The Design Museum’s Waste Age exhibition highlighted a change in the culture of design: a new generation has taken on the challenge of reducing the industry’s impact and taking responsibility for what they put out into the world.
Harnessing this ambition, the Design Museum has been working with consultants URGE Collective to better understand the environmental impact of its temporary and touring exhibitions. Using Waste Age as a case study, the museum has created a guide to designing and developing exhibitions with a low environmental impact, developed in partnership with the Arts and Humanities Research Council (AHRC), part of UK Research and Innovation (UKRI) to reduce the environmental impact of temporary exhibitions.
The toolkit addresses key areas that need to be considered when developing an exhibition, from decisions about what to exhibit, to guidance of how to work with build contractors to choose the most suitable materials. It provides creative teams with practical tools and advice to focus attention on areas that have the greatest impact. We have produced this package with a view to sharing more widely with the cultural sector and are working with department for Digital, Media, Culture and Sport to develop it further.
If your organisation would like a free copy of our Environmental Impact Guide please visit the link below.
The museum’s educational programme aims to not only shine a light on the pressing environmental issues we all face, but also to host and foster dialogue, debate and activity that will contribute to developing sustainable solutions.
In 2019 the museum ran a national design challenge for undergraduates around finding new ways of sustainable manufacturing and encouraging increased cross-disciplinary collaboration. This programme, The Great Competition, sought to highlight how industrial innovation can help bring about a healthier, happier and more balanced future for all.
In addition, the museum has hosted a number of events on how design and architecture can take centre stage in shaping a more resilient world, such as bio-design and bio-materials workshops and a symposium in collaboration with the MA Material Futures programme at Central Saint Martins.
In 2016, the Design Museum moved to a Grade II* renovated building on Kensington High Street. This renovation was awarded the BREEAM rating of Very Good for both the design and procurement stage.
Other choices we made in the renovation of the building and its operation include:
Procuring energy from 100% renewable sources backed by Renewable Energy Guarantee of Origin (REGO)
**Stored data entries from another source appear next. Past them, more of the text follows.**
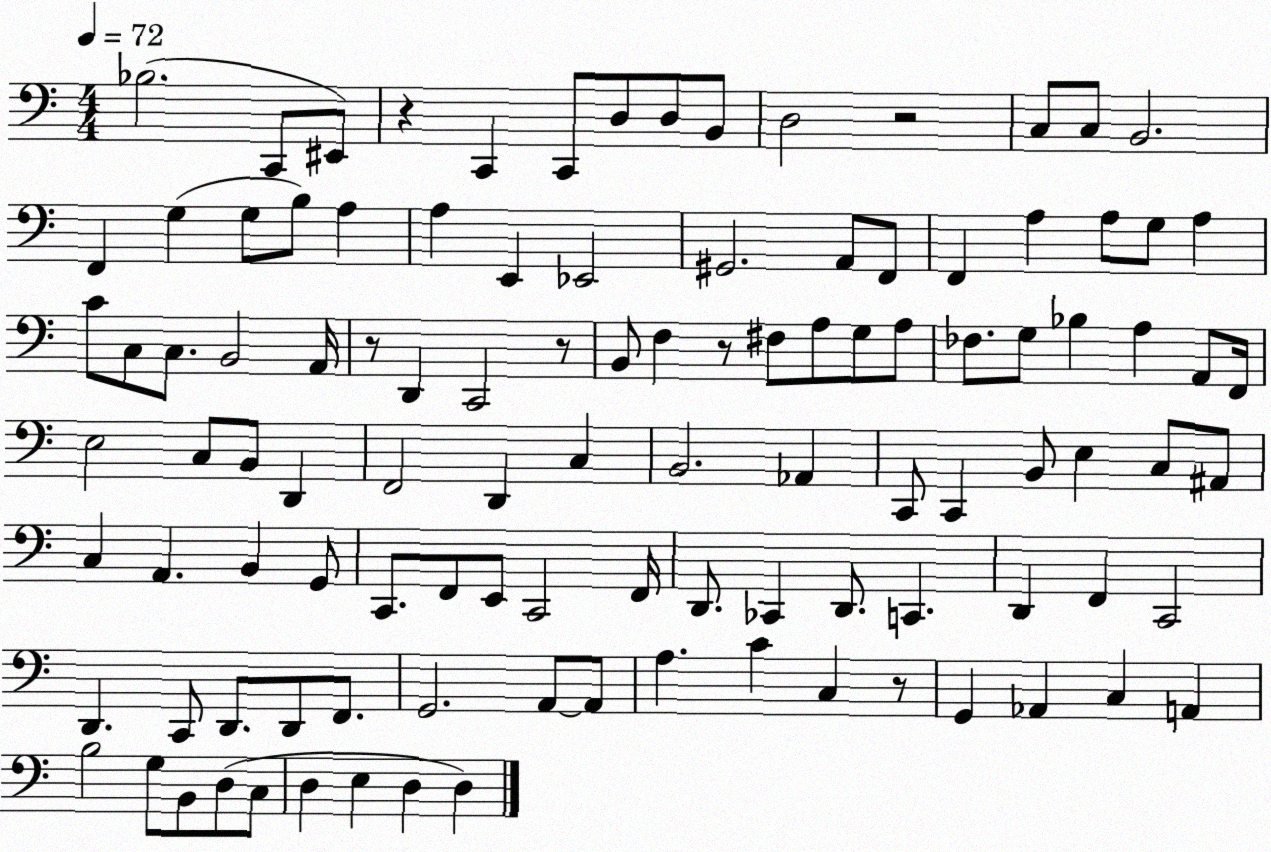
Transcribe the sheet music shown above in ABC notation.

X:1
T:Untitled
M:4/4
L:1/4
K:C
_B,2 C,,/2 ^E,,/2 z C,, C,,/2 D,/2 D,/2 B,,/2 D,2 z2 C,/2 C,/2 B,,2 F,, G, G,/2 B,/2 A, A, E,, _E,,2 ^G,,2 A,,/2 F,,/2 F,, A, A,/2 G,/2 A, C/2 C,/2 C,/2 B,,2 A,,/4 z/2 D,, C,,2 z/2 B,,/2 F, z/2 ^F,/2 A,/2 G,/2 A,/2 _F,/2 G,/2 _B, A, A,,/2 F,,/4 E,2 C,/2 B,,/2 D,, F,,2 D,, C, B,,2 _A,, C,,/2 C,, B,,/2 E, C,/2 ^A,,/2 C, A,, B,, G,,/2 C,,/2 F,,/2 E,,/2 C,,2 F,,/4 D,,/2 _C,, D,,/2 C,, D,, F,, C,,2 D,, C,,/2 D,,/2 D,,/2 F,,/2 G,,2 A,,/2 A,,/2 A, C C, z/2 G,, _A,, C, A,, B,2 G,/2 B,,/2 D,/2 C,/2 D, E, D, D,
Using 100% of the timber from sustainable sources
Maintaining a 0% (nil) to landfill waste strategy
Maintaining a 70% recycling rate target as a minimal baseline
Using a grey water harvesting system supported by SUDs across the estate
Using a district heating system with our neighbouring estate for our heating and hot water systems
Operating as little of the building as possible under gallery conditions and operating heat recovery throughout to minimise energy use
Utilising an onsite battery energy storage system to power the museum from power stored overnight, helping to improve National Grid efficiency and contributing to lower carbon emissions nationally
Reviewing and tailoring lighting and HVAC timings across the estate to minimise energy consumption
The Design Museum Shop believes design can make a big difference in combating waste and has taken steps to reduce its contribution to the problem, focussing on sourcing products which support at least one of our eight climate conscious values.
Sustainable production: products produced in a way that ensures minimal damage to the environment.
Vegan: products produced wholly from plant-based materials.
Circular / Recyclable: products made using materials previously used by other products, and/or it can be treated using a special industrial process to reclaim its constituent materials for use in future products.
Made in the UK: products manufactured in the UK using locally sourced materials, supporting local communities, and reducing carbon footprint due to a shorter distance to market.
Material from sustainable resources: products using FSC accredited wood and/or it's by-products to ensure forests are alive and thrive for future generations to enjoy.
Organic: products with organic components farmed in a manner that avoids the use of artificial fertilisers and pesticides.
Reduces Waste: products that can be used multiple times and replaces single use plastics and disposables.
Workforce Welfare: product manufacturers actively contribute to maintaining or enhancing the social and economic wellbeing of their workforce.